[Short web captions]
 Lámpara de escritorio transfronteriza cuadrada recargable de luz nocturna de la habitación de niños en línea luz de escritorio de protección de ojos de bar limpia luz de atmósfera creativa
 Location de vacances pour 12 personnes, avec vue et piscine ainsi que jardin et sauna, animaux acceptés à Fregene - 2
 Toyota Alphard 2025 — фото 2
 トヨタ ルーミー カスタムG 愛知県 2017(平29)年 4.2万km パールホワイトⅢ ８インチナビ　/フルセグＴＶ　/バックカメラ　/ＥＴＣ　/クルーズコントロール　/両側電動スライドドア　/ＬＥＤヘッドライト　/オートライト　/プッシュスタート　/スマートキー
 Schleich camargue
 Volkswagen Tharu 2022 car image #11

• WHAT THE EXERCISE ASKS: Write the complete data out, exactly as above.

• FINISHED TASK:
 Lámpara de escritorio transfronteriza cuadrada recargable de luz nocturna de la habitación de niños en línea luz de escritorio de protección de ojos de bar limpia luz de atmósfera creativa
 Location de vacances pour 12 personnes, avec vue et piscine ainsi que jardin et sauna, animaux acceptés à Fregene - 2
 Toyota Alphard 2025 — фото 2
 トヨタ ルーミー カスタムG 愛知県 2017(平29)年 4.2万km パールホワイトⅢ ８インチナビ　/フルセグＴＶ　/バックカメラ　/ＥＴＣ　/クルーズコントロール　/両側電動スライドドア　/ＬＥＤヘッドライト　/オートライト　/プッシュスタート　/スマートキー
 Schleich camargue
 Volkswagen Tharu 2022 car image #11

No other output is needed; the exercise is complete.